Cells of human meninges co-express LLEC markers. ac DAB-IHC with single antibodies detects VEGFR3 (a), LYVE1 (b), and MRC1 (c) in the meninges of human post mortem brain showing no signs of neuropathology. These images are taken from a 38 year old male (sample P17/07, Table 1), and confirmed in n = 2 additional samples. P parenchyma. Scale = 150 µm (a); 40 µm (b); and 20 µm (c). df DAB-IHC with single antibodies detects VEGFR3 (b), LYVE1 (c), and MRC1 (d) in elderly human meninges (age: 89–92) with evidence of neuropathology and confirmed in n = 3 brains (Table 1). P, parenchyma. Scale = 20 µm. g–p IHC with fluorescent antibodies detects human meningeal cells that co-express MRC1 (h, m, yellow), LYVE1 (i, n, white), and VEGFR3 (j, o, green). Nuclei/RNA are labelled with DAPI (g, l, blue) and images are merged in (k, p). Scale = 10 µm

To determine if the cells in the pia and subarachnoid space that express lymphatic markers represent LLECs, we performed triple-labelling fluorescent IHC on post-mortem human brain tissue for MRC1, LYVE1, and VEGFR3. We found several examples of these three LLEC markers co-expressed in the same leptomeningeal cells (Fig. 7g–p and Supplementary Video 3). To emphasize the spatial locations of LLECs relative to vessels and each other and to more clearly make out their morphological features, we used the Imaris imaging software to make 3-D reconstructions from the serial confocal images of the leptomeningeal human post-mortem tissue (Supplemental Fig. 5e–h). Consistent with LLECs in zebrafish and mouse, a subset of triple-positive cells were closely associated with vessels within the leptomeningeal layer, while their cell bodies remained outside of the vascular basement membrane. Morphologically, these cells were similar to zebrafish and mouse BLECs, with long, thin processes near blood vessels. Several of these processes formed unusual loop-like structures of unknown functional significance that were also a common morphological feature observed in zebrafish BLECs (Supplementary Fig. 8).

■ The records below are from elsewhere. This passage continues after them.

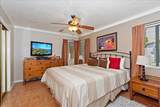 52637 Avenida Villa - Photo 11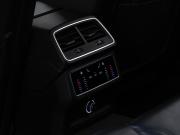 Audi A6 V (C8) Москва  - изображение 37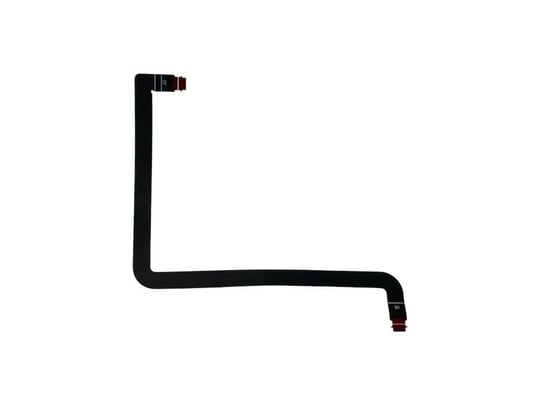 Dell for Latitude 7400 2-in-1, Ribbon Cable for Touchpad (PN: LF-G445P) - 2610264 #1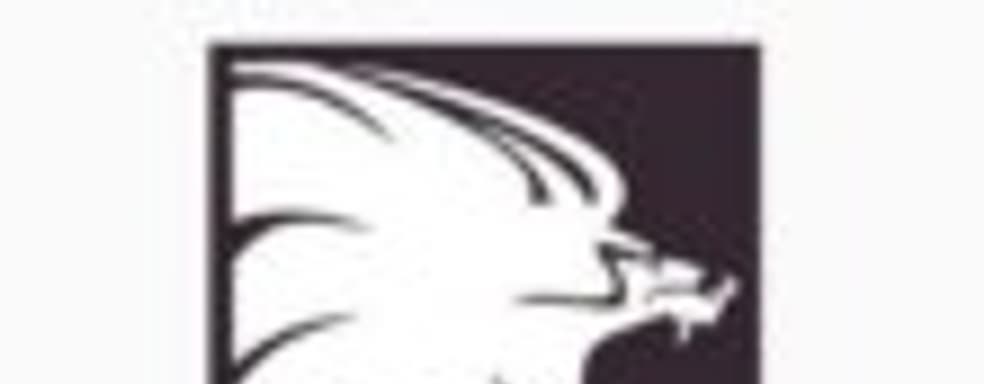 Сокращение штата в Lionhead 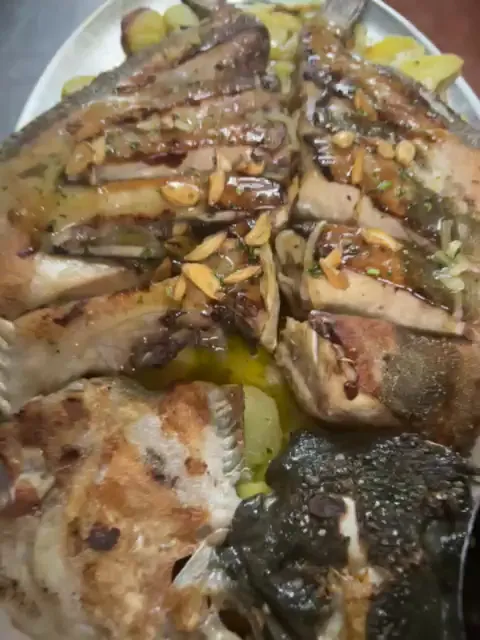 El Novo Escalón_Montemayor_slider_image_2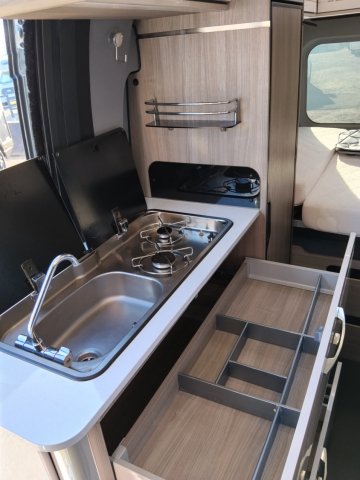 Randger R602 R 602 - Photo 5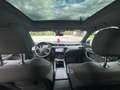 Audi e-tron e-tron 50 quattro 71kWh  S-line S-line Blau - thumbnail 6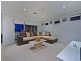 20 Rose Valley Drive, Upper Coomera QLD 4209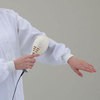 SHZ-010 nfBEFAN[i[ AY 20860367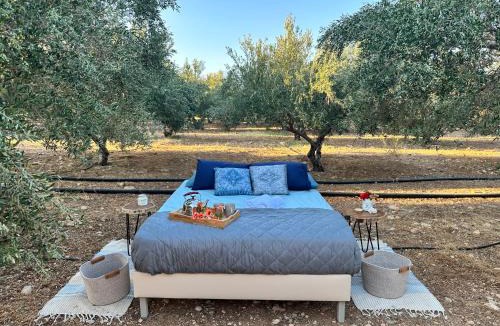 Mires Other | Star Sleep Mires - Cretan Vibes
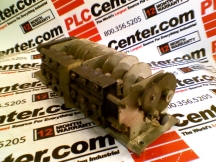 DANAHER CONTROLS MP5320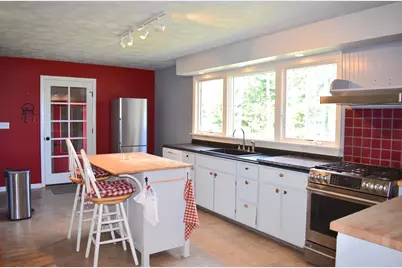 5 Savage Road, Searsport, ME 04974 - Photo 10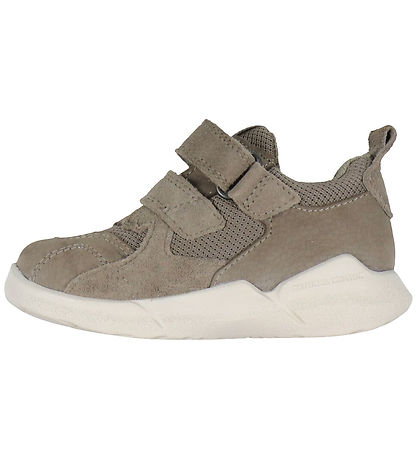 Ecco Schoenen - Biom2.2 I Wp - Taupe/Taupe/Taupe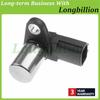 New N3A118221A N3A118221 0296000132 Crankshaft Position Sensor For Mazda RX-8 RX8 RX7 N3A1-18-221A 0296000131 FSD718230 SU4245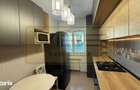 Apartament 2 camere | parcare | boxa Conest Grand Residence - 16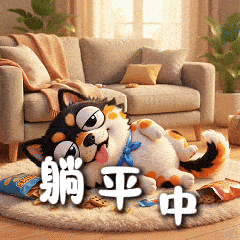 016-躺平中_compressed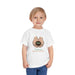 Future Agronomist - Toddler Short Sleeve - Brightsee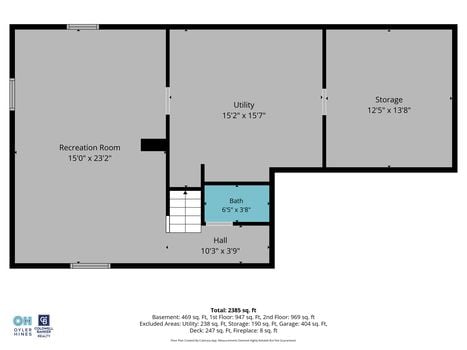 1-Floorplan_1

Taken together, the co-expression of three lymphatic markers in subarachnoid cells with a distinctive morphological character supports the existence of LLECs in human leptomeninges.

Discussion

BLECs were originally described as a non-lumenized endocytic cell type of lymphatic developmental origin and molecular expression that resides in the zebrafish meninges [11, 36, 66]. Here, we described LLECs, cells with similar molecular, ultrastructural, developmental, and functional characteristics as BLECs in both mouse and human leptomeninges. The location and functional properties of LLECs indicate potential role(s) for these cells in the immunological organization of this meningeal compartment and in the regulation of CSF protein homeostasis.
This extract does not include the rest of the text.